» Your instructions: What is needed is a word-for-word transcript of the listing, free of pictures.

» Material shown:
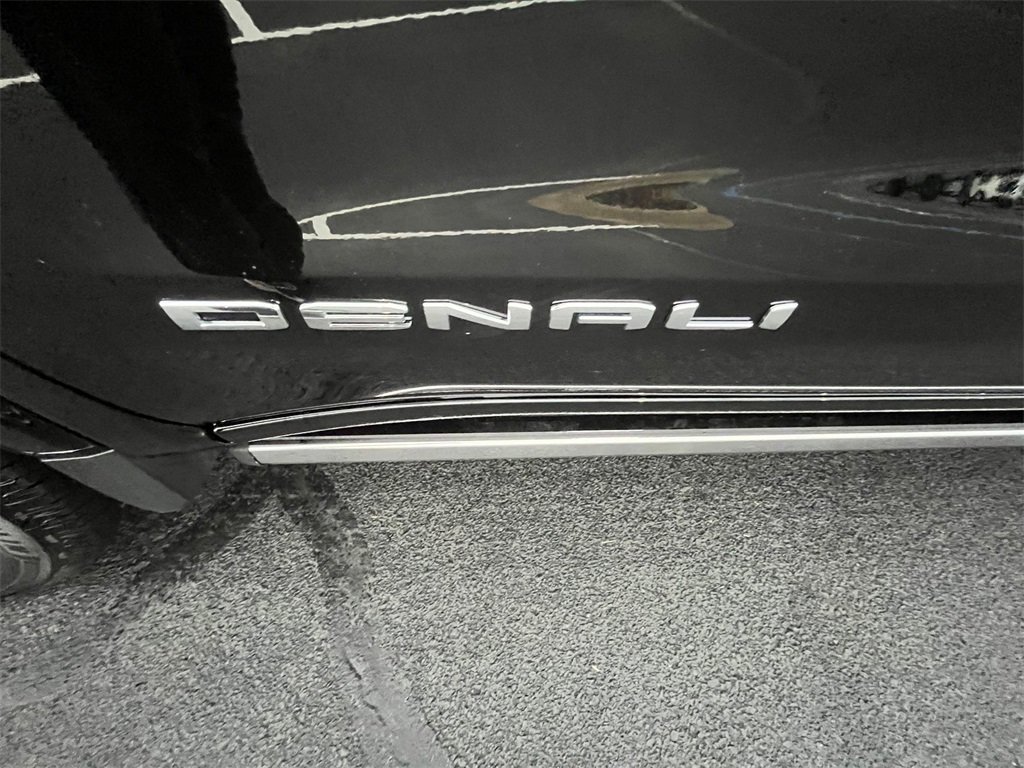 Used 2022 GMC Sierra 1500 Denali image 10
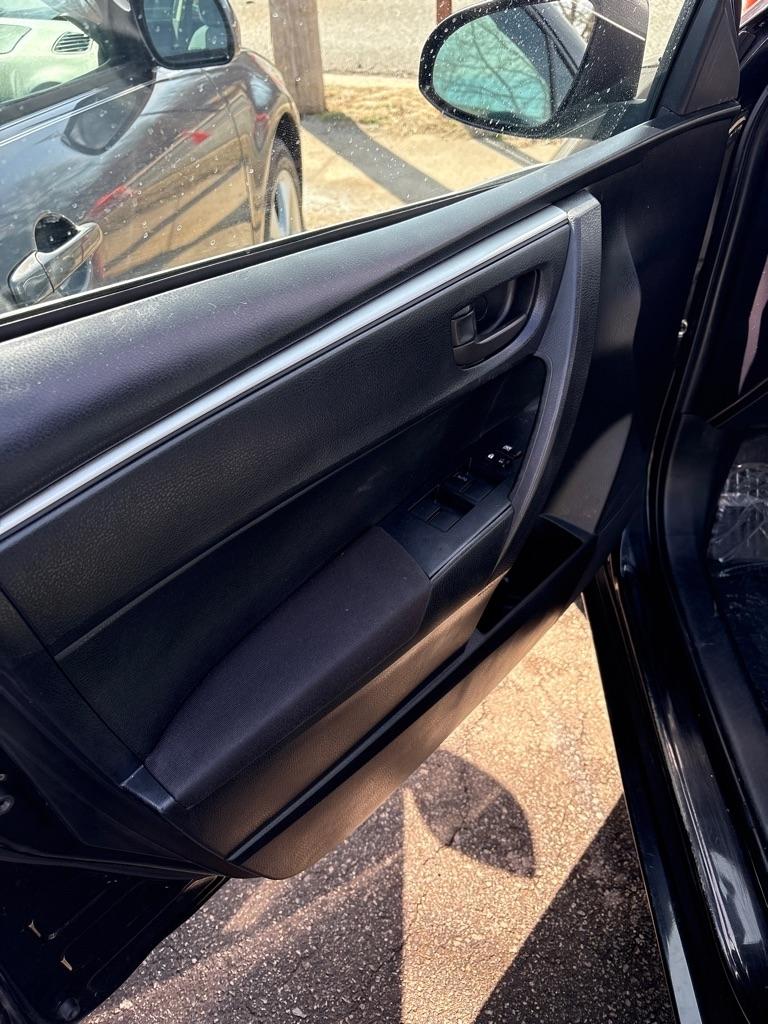 Toyota Corolla LE CVT 2015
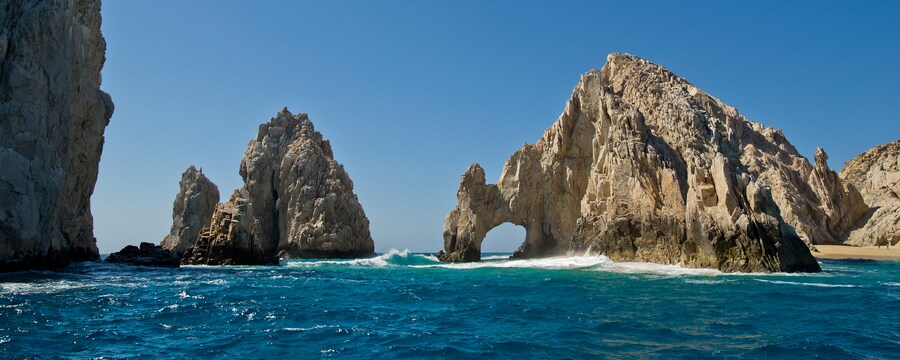 Las rocas irregulares en el océano forman pequeñas islas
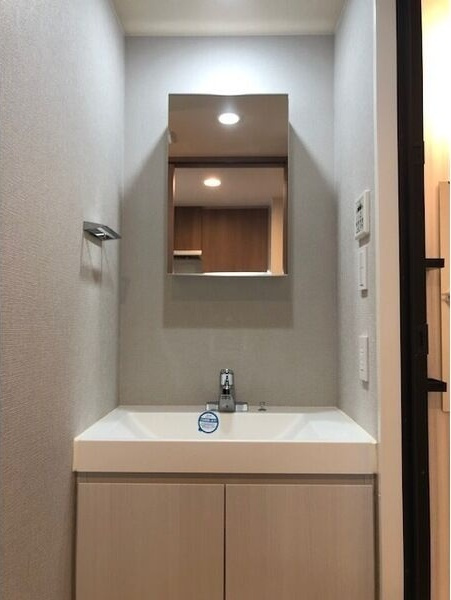 フレールコート東別院の洗面所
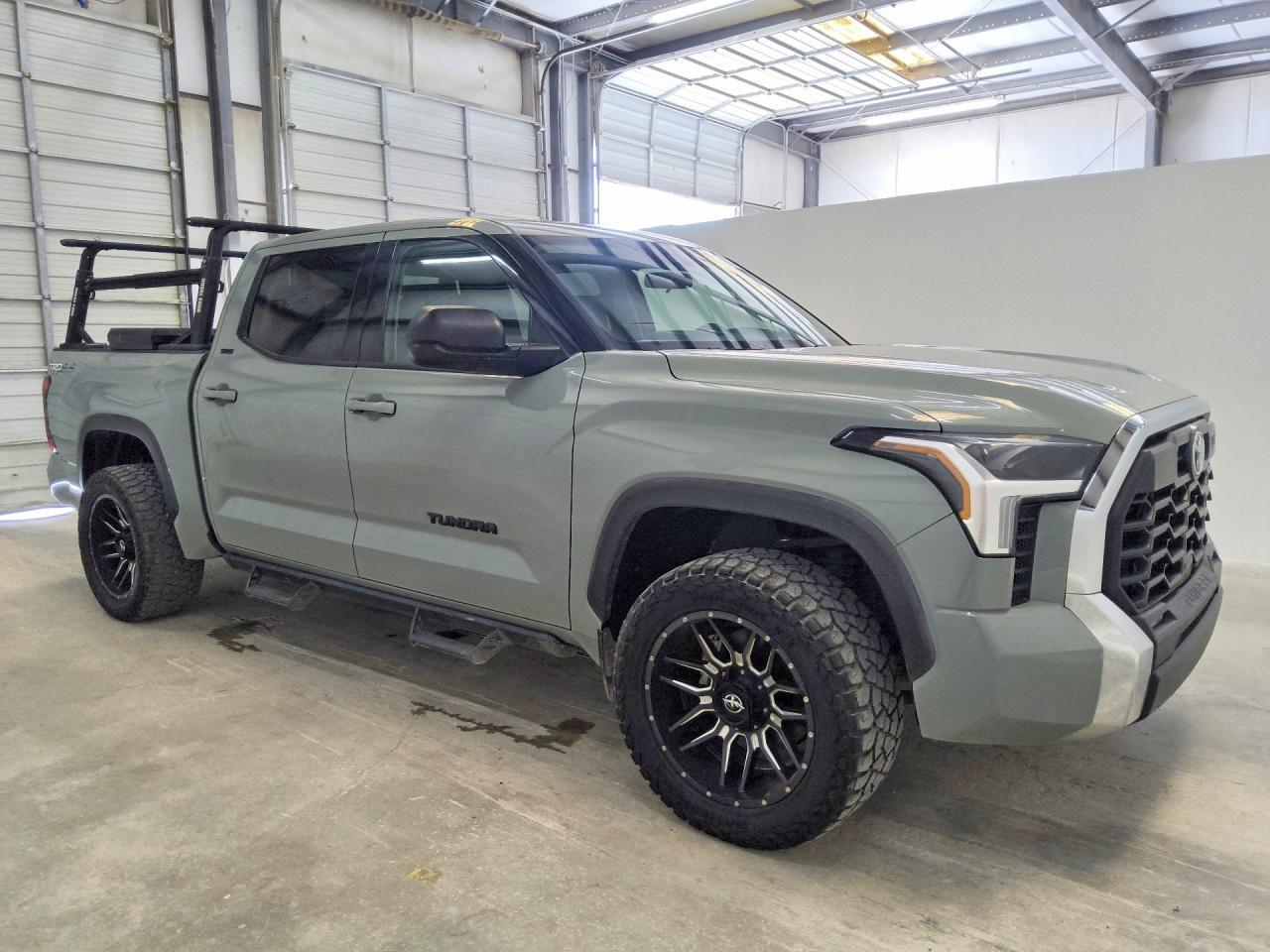 2023 Toyota Tundra, SR5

» Written solution:
 Used 2022 GMC Sierra 1500 Denali image 10
 Toyota Corolla LE CVT 2015
 Las rocas irregulares en el océano forman pequeñas islas
 フレールコート東別院の洗面所
 2023 Toyota Tundra, SR5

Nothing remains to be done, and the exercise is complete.